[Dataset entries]
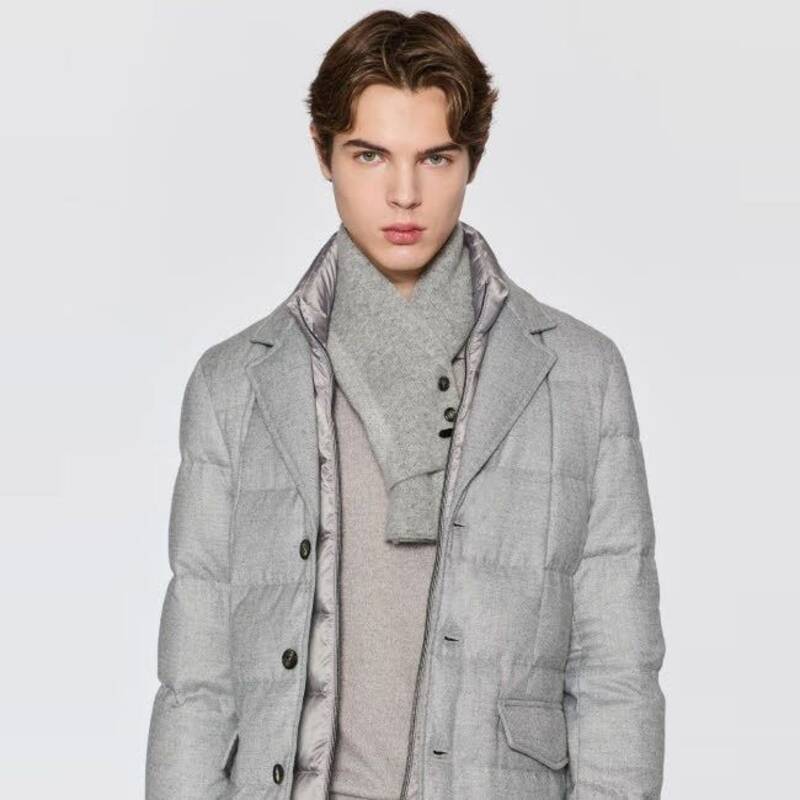 백화점 정품 닥스 맨 그레이 울캐시 니트고리 머플러(DMMU5F021G2)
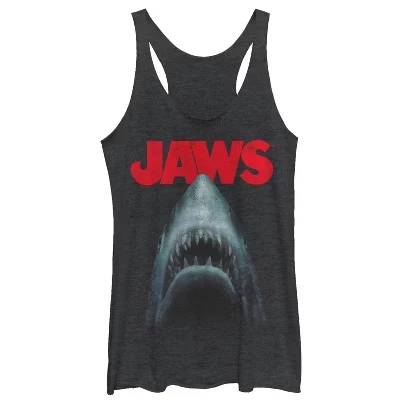 Женская майка с надписью Jaws Shark Teeth и постером 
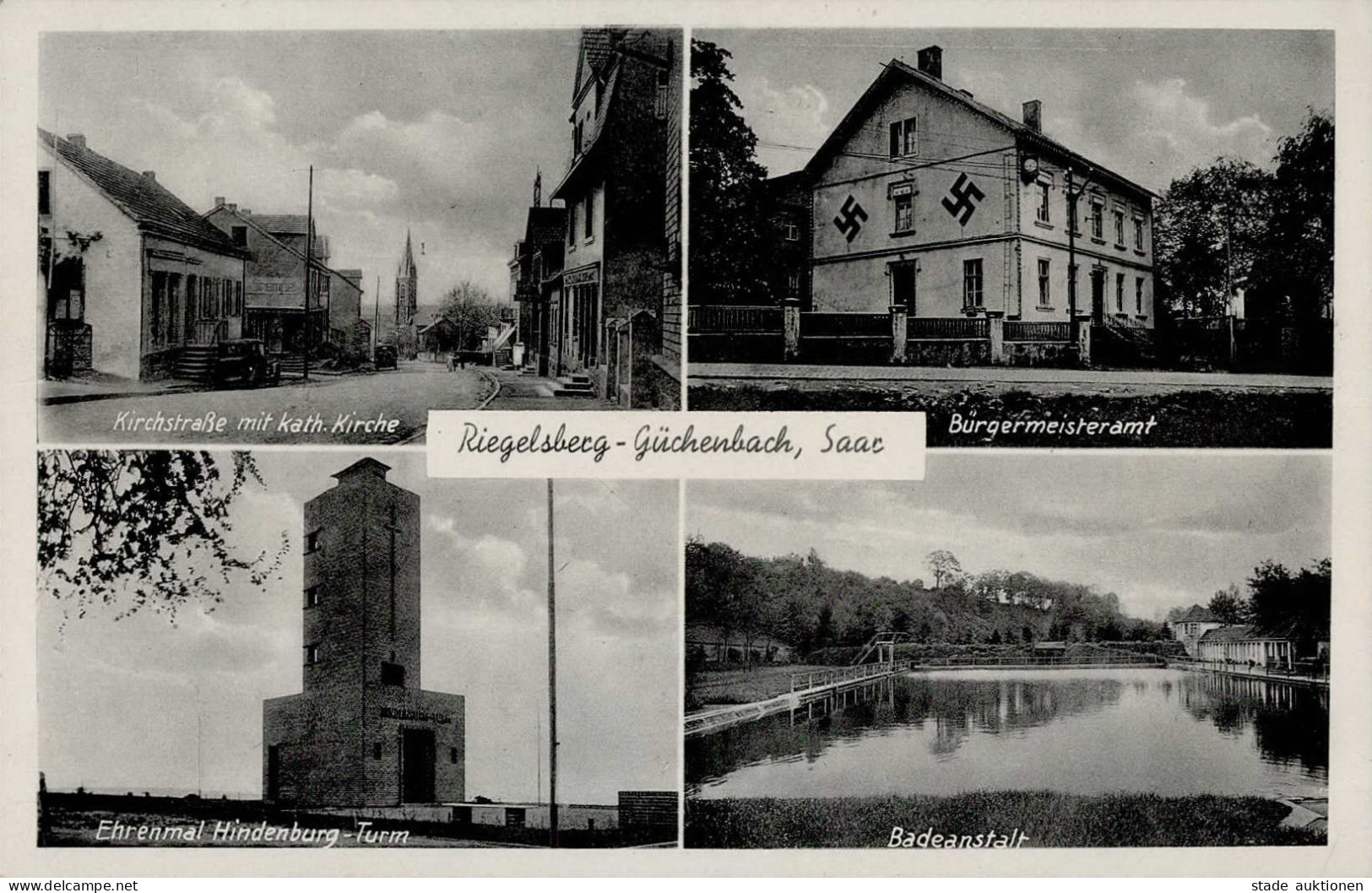 Güchenbach (6601) Kirchstrasse Kath. Kirche Schwimmbad WK II Symbol I - Autres & Non Classés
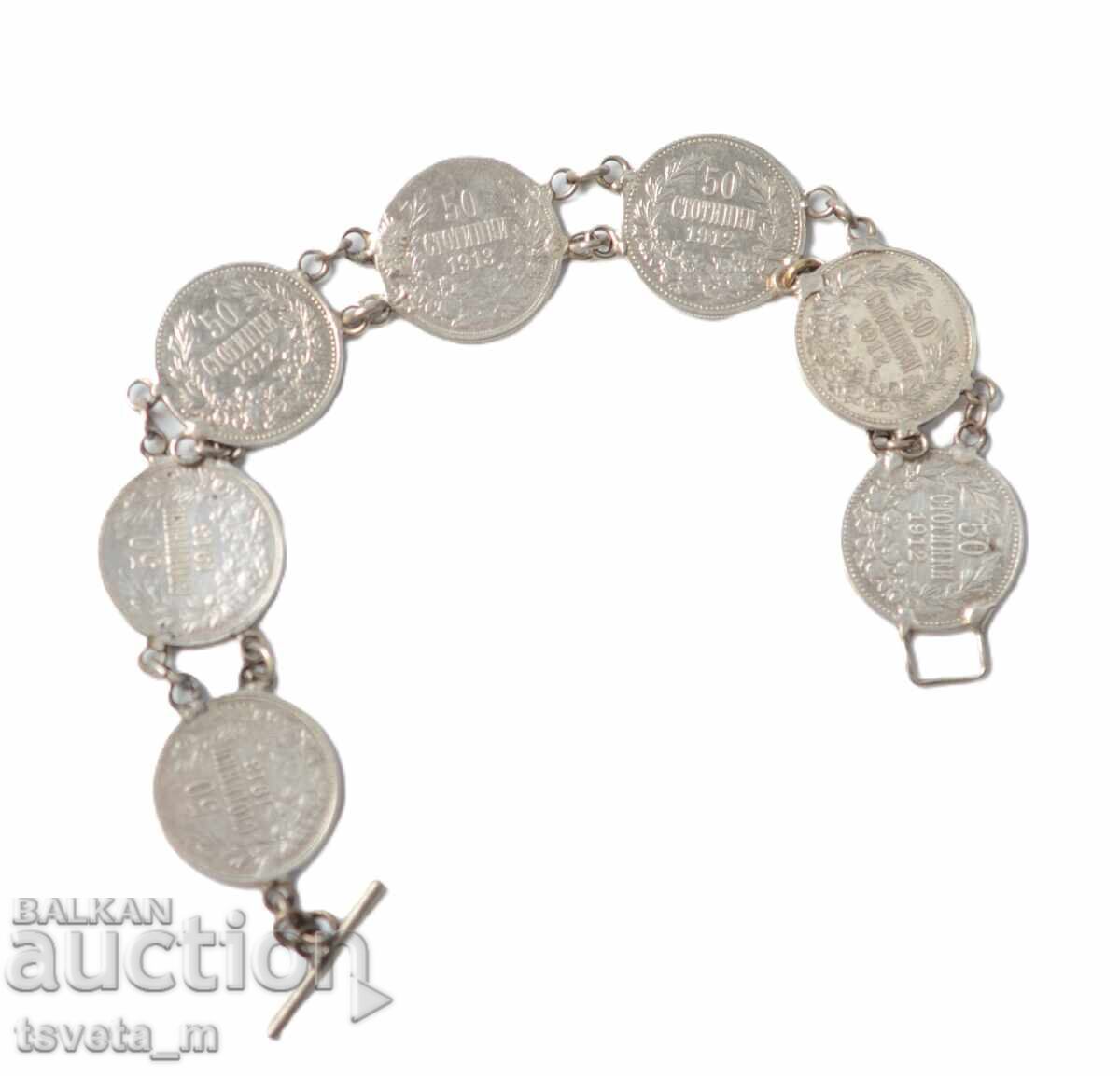 Brățară veche din monede de argint 19,6 g cu preț € 60.00 | 117.35 BGN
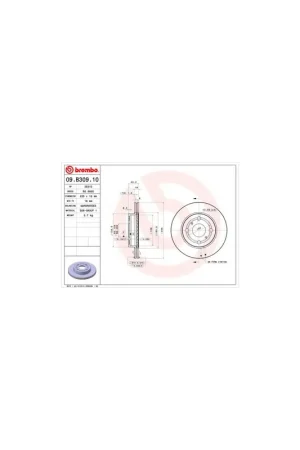 Entrega Rápida DISCO DE FRENO 2 UNID. X CAJA 09B30910 BREMBO - TOYOTA VITZ (SCP1_, NLP1_, NCP1_) - Eje delantero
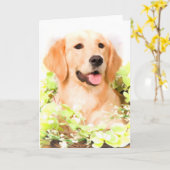Carte de voeux Golden Retriever (Fleur jaune)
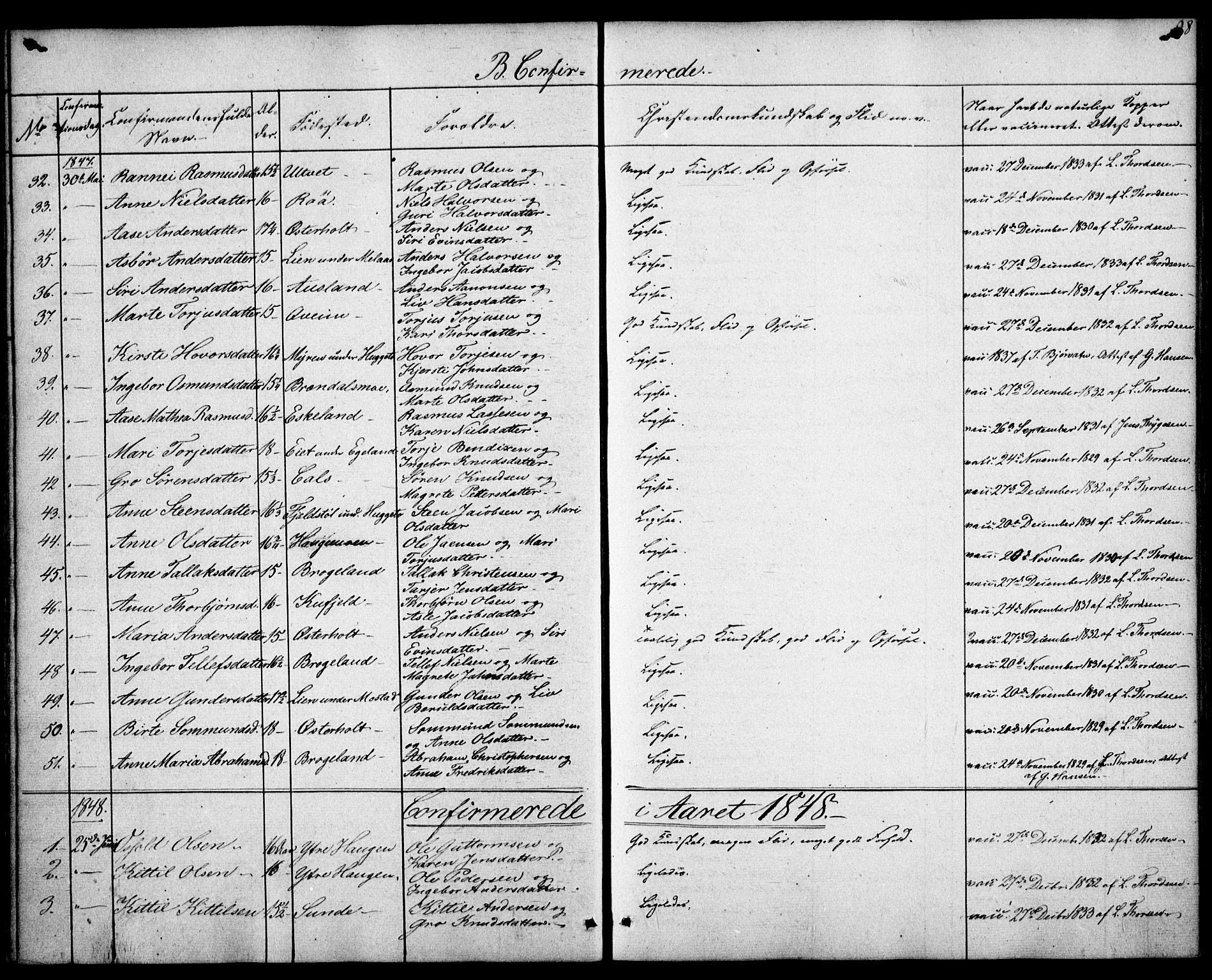Gjerstad sokneprestkontor, SAK/1111-0014/F/Fa/Faa/L0006: Parish register (official) no. A 6, 1841-1857, p. 98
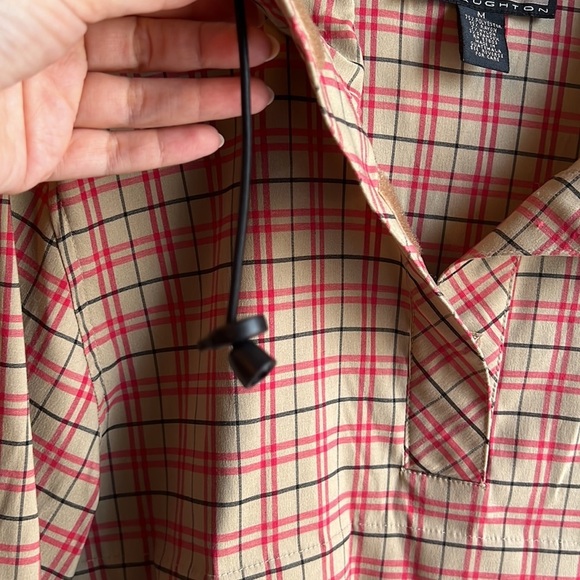 Vintage Red Plaid Pullover Rain Jacket | Size Medium - Picture 6 of 7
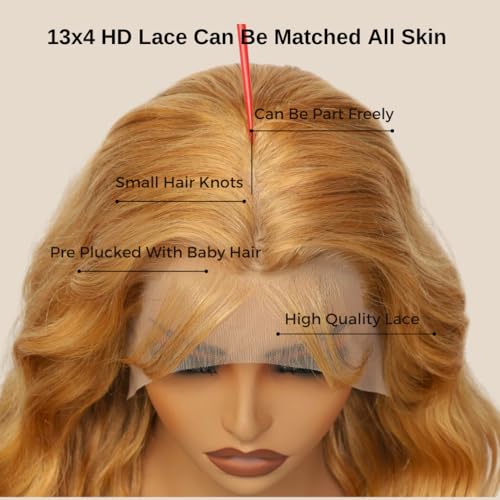 ALHER Honey Blonde Lace Frontal Wig Human Hair 24 Inch Body Wave, 180% Density Blonde #27 Colored 13x4 HD Lace Front Wig Pre Plucked With Baby Hair Ear to Ear, 12A 100% Virgin Remy Hair for Women
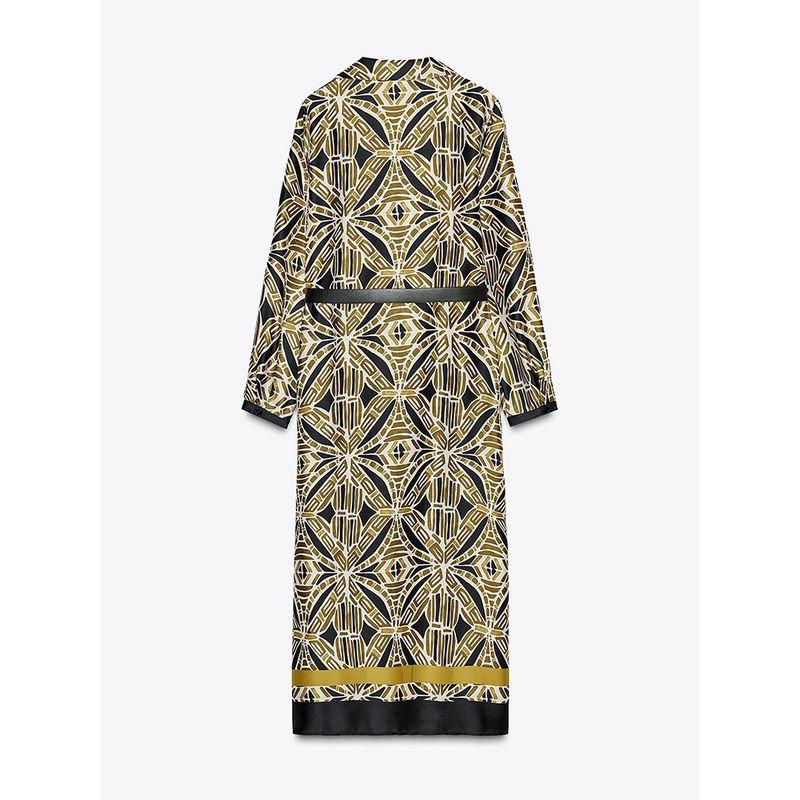 Za2025 Spring New Women's Clothing Elegant with Belt Printed V-neck Long Sleeves Midi Skirt Dress 3897055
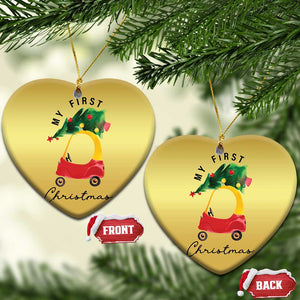 My First Xmas Christmas Ornament Toy Car Xmas Tree TS11 Heart Gold Print Your Wear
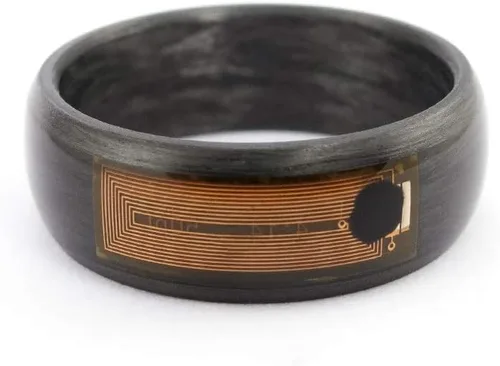 Vista 2 de NFC Smart Ring rounded pure carbon fiber. Unique and industrial black matte wedding band. Water resistant and hypoallergenic. (04906_8N)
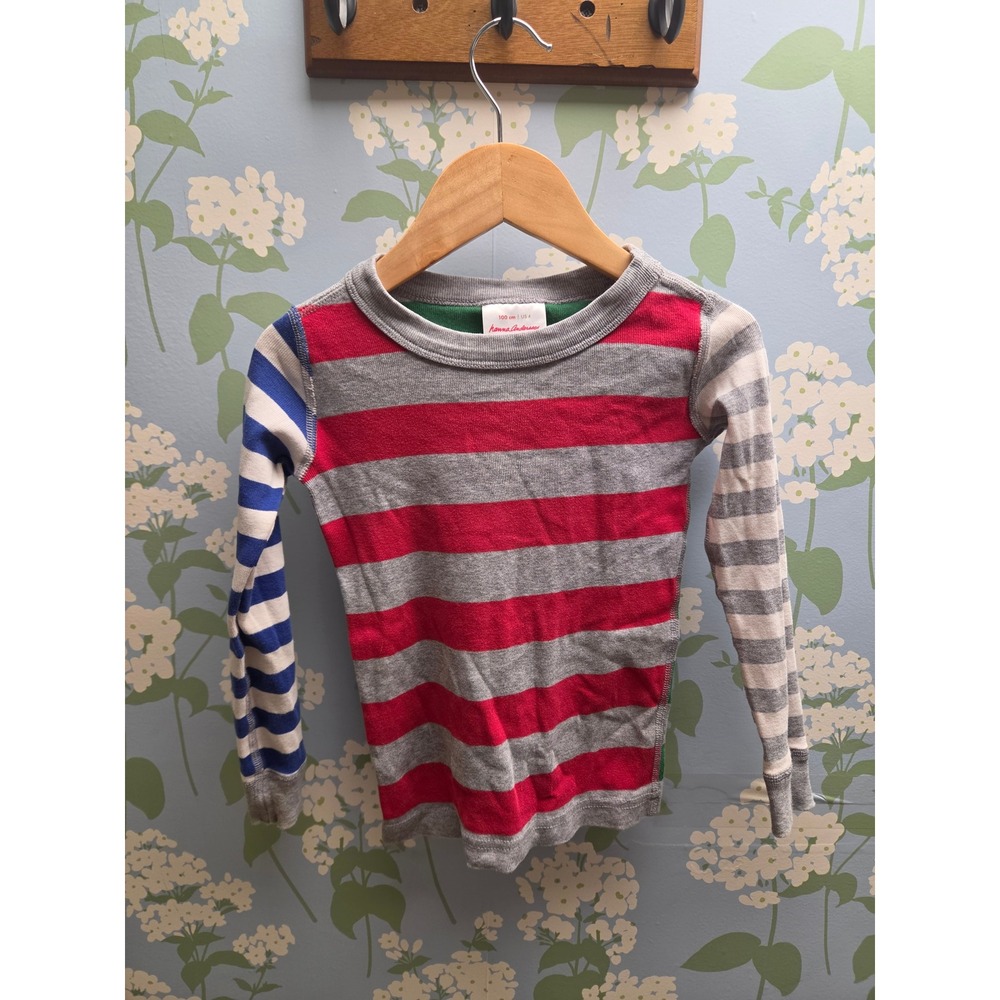 Hanna Andersson Kids Size 4 100cm Striped Pajama Top Organic Cotton Long Sleeve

What you will do ▸ Could you retype all the entries exactly, skipping the pictures?

Expected answer ▸
 백화점 정품 닥스 맨 그레이 울캐시 니트고리 머플러(DMMU5F021G2)
 Женская майка с надписью Jaws Shark Teeth и постером 
 Güchenbach (6601) Kirchstrasse Kath. Kirche Schwimmbad WK II Symbol I - Autres & Non Classés
 Brățară veche din monede de argint 19,6 g cu preț € 60.00 | 117.35 BGN
 Entrega Rápida DISCO DE FRENO 2 UNID. X CAJA 09B30910 BREMBO - TOYOTA VITZ (SCP1_, NLP1_, NCP1_) - Eje delantero
Carte de voeux Golden Retriever (Fleur jaune)
Gjerstad sokneprestkontor, SAK/1111-0014/F/Fa/Faa/L0006: Parish register (official) no. A 6, 1841-1857, p. 98
 Vintage Red Plaid Pullover Rain Jacket | Size Medium - Picture 6 of 7
 ALHER Honey Blonde Lace Frontal Wig Human Hair 24 Inch Body Wave, 180% Density Blonde #27 Colored 13x4 HD Lace Front Wig Pre Plucked With Baby Hair Ear to Ear, 12A 100% Virgin Remy Hair for Women
 Za2025 Spring New Women's Clothing Elegant with Belt Printed V-neck Long Sleeves Midi Skirt Dress 3897055
 My First Xmas Christmas Ornament Toy Car Xmas Tree TS11 Heart Gold Print Your Wear
 Vista 2 de NFC Smart Ring rounded pure carbon fiber. Unique and industrial black matte wedding band. Water resistant and hypoallergenic. (04906_8N)
 Hanna Andersson Kids Size 4 100cm Striped Pajama Top Organic Cotton Long Sleeve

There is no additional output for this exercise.